- Work task
Without including any pictures, write out all the entries exactly.

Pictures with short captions

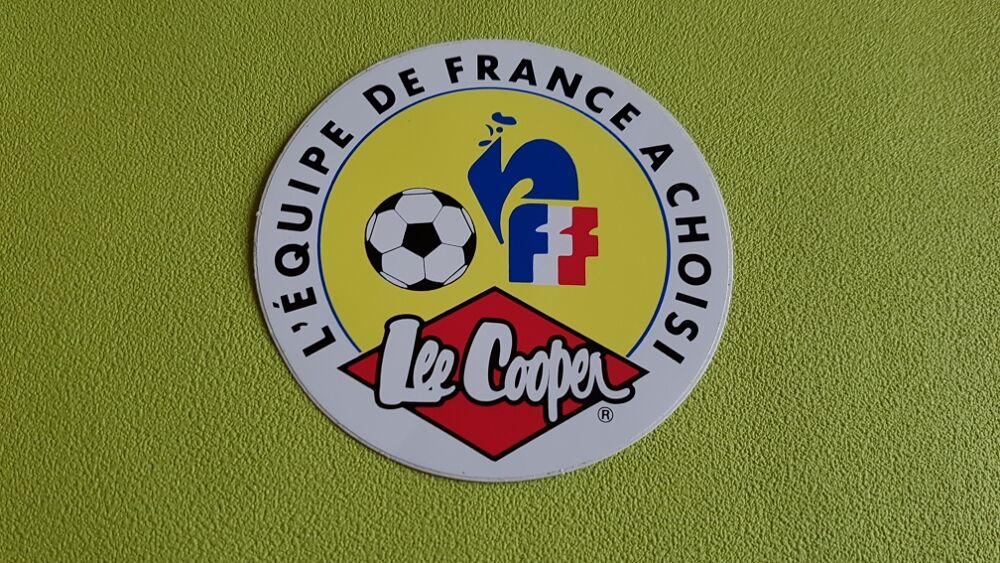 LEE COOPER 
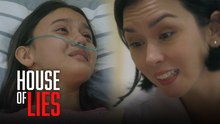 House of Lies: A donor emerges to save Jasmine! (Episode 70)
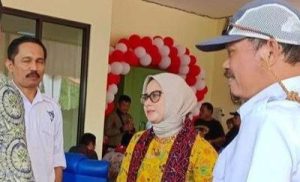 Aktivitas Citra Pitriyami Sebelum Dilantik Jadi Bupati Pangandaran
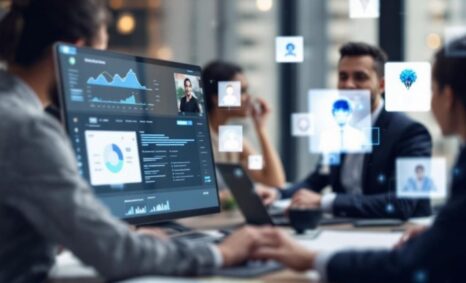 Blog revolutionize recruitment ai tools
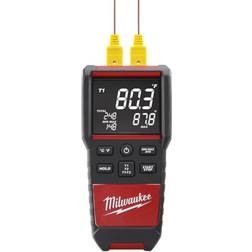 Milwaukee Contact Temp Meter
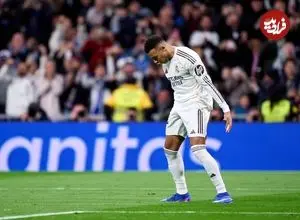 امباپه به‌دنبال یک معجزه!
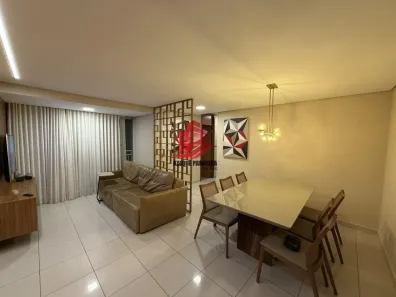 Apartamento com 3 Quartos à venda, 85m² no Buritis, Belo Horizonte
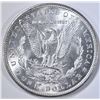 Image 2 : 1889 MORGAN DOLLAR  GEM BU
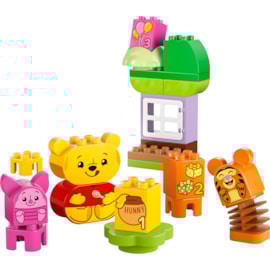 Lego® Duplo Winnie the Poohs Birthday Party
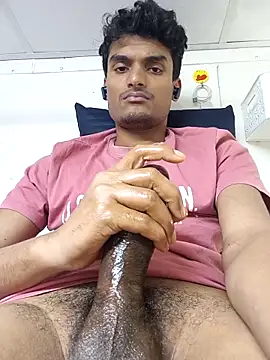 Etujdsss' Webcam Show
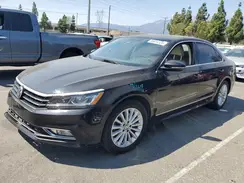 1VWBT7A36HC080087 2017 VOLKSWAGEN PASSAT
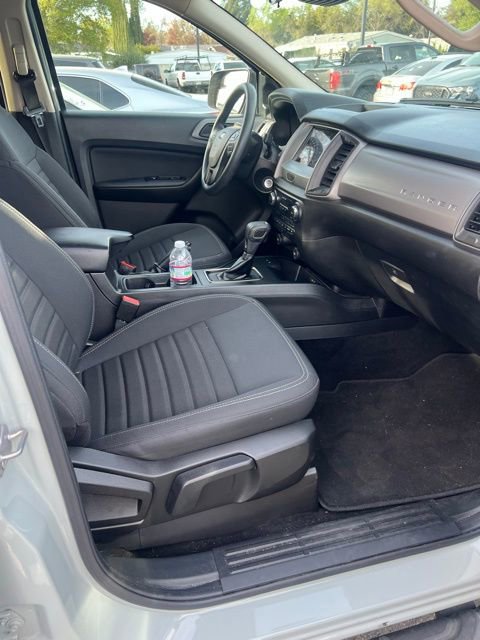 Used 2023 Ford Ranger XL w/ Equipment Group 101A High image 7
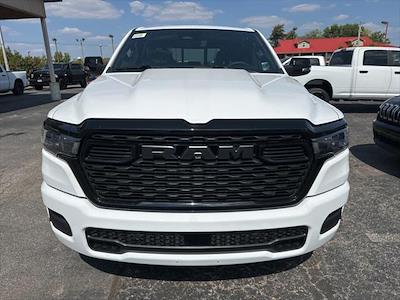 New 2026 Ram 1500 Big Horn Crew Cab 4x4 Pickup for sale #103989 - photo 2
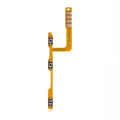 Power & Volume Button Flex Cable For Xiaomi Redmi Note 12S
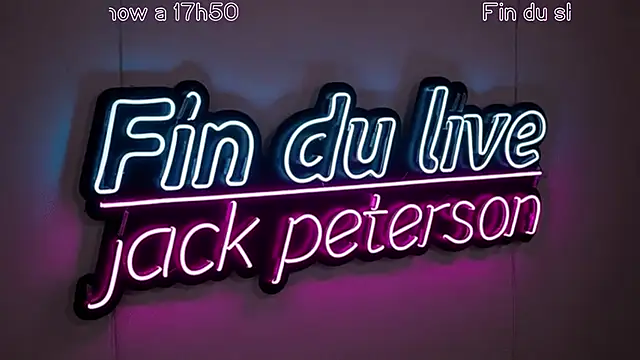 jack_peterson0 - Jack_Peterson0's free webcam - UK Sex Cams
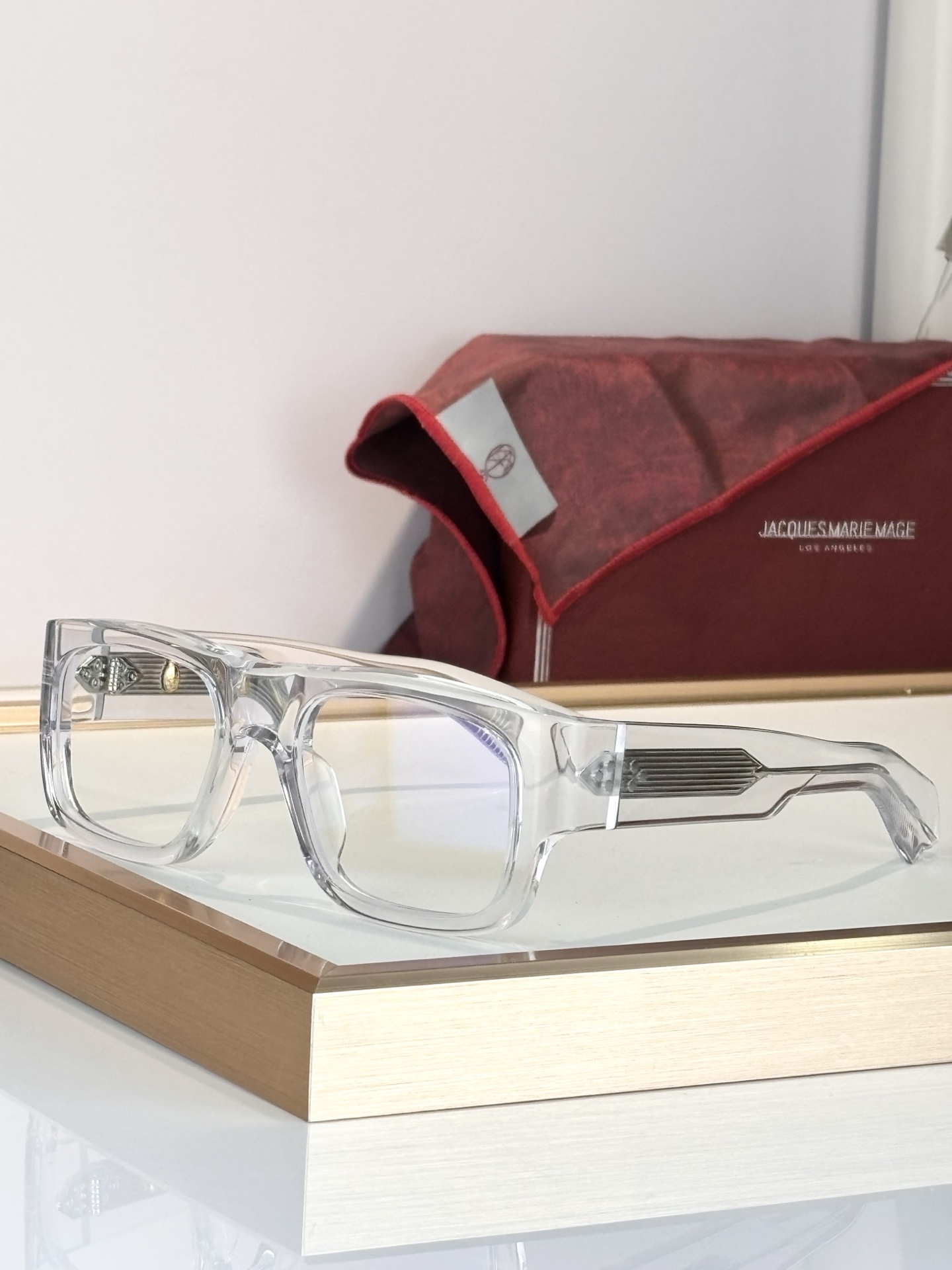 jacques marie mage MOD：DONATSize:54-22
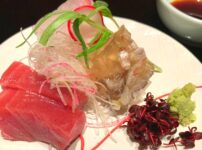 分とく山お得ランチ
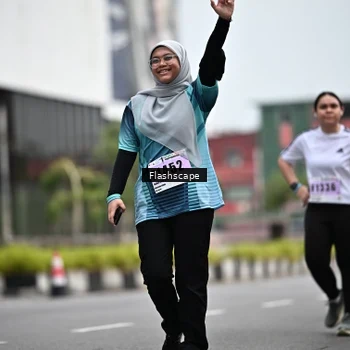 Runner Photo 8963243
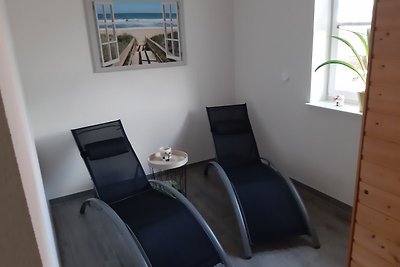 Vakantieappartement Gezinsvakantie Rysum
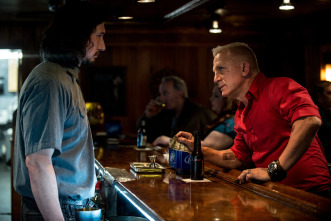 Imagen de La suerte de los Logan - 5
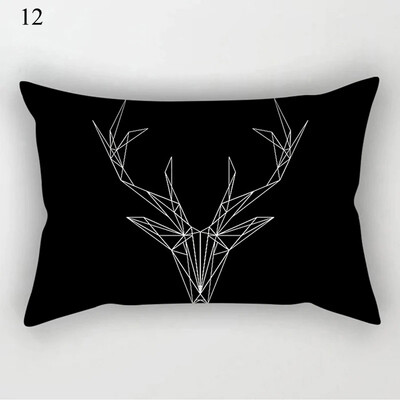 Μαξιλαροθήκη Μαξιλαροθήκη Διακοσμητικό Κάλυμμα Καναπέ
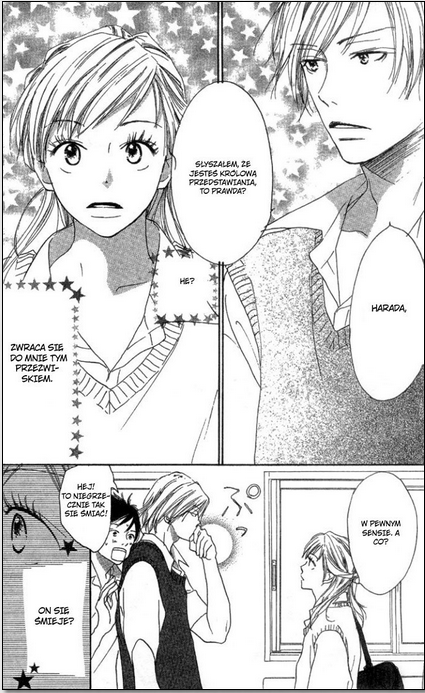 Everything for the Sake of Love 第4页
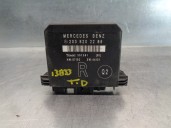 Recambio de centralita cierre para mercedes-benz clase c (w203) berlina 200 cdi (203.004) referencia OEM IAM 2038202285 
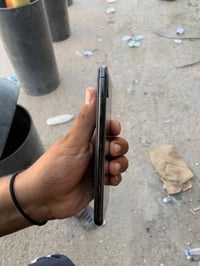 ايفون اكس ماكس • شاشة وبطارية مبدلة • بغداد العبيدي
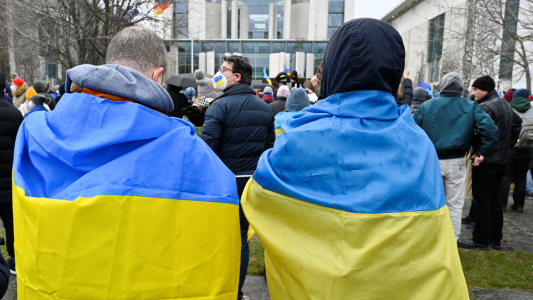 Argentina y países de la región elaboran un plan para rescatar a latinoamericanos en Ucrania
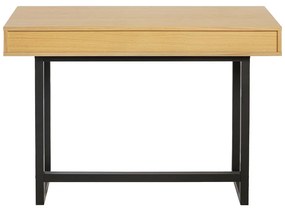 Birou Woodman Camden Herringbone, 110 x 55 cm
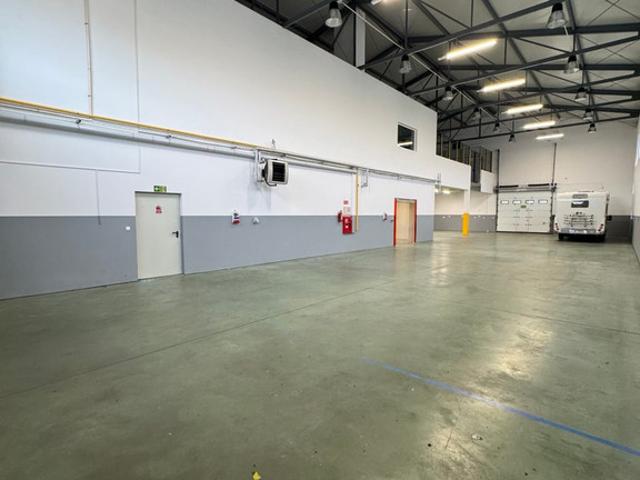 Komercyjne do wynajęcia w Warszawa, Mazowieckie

- Output of the exercise
 LEE COOPER 
 House of Lies: A donor emerges to save Jasmine! (Episode 70)
 Aktivitas Citra Pitriyami Sebelum Dilantik Jadi Bupati Pangandaran
 Blog revolutionize recruitment ai tools
 Milwaukee Contact Temp Meter
 امباپه به‌دنبال یک معجزه!
 Apartamento com 3 Quartos à venda, 85m² no Buritis, Belo Horizonte
 Image 2 : 1889 MORGAN DOLLAR  GEM BU
 Lego® Duplo Winnie the Poohs Birthday Party
 Etujdsss' Webcam Show
 1VWBT7A36HC080087 2017 VOLKSWAGEN PASSAT
 Used 2023 Ford Ranger XL w/ Equipment Group 101A High image 7
 New 2026 Ram 1500 Big Horn Crew Cab 4x4 Pickup for sale #103989 - photo 2
 Power & Volume Button Flex Cable For Xiaomi Redmi Note 12S
 jack_peterson0 - Jack_Peterson0's free webcam - UK Sex Cams
 jacques marie mage MOD：DONATSize:54-22
 分とく山お得ランチ
 Runner Photo 8963243
 Vakantieappartement Gezinsvakantie Rysum
 Imagen de La suerte de los Logan - 5
 Μαξιλαροθήκη Μαξιλαροθήκη Διακοσμητικό Κάλυμμα Καναπέ
 Everything for the Sake of Love 第4页
 Recambio de centralita cierre para mercedes-benz clase c (w203) berlina 200 cdi (203.004) referencia OEM IAM 2038202285 
 ايفون اكس ماكس • شاشة وبطارية مبدلة • بغداد العبيدي
 Argentina y países de la región elaboran un plan para rescatar a latinoamericanos en Ucrania
 Birou Woodman Camden Herringbone, 110 x 55 cm
 Komercyjne do wynajęcia w Warszawa, Mazowieckie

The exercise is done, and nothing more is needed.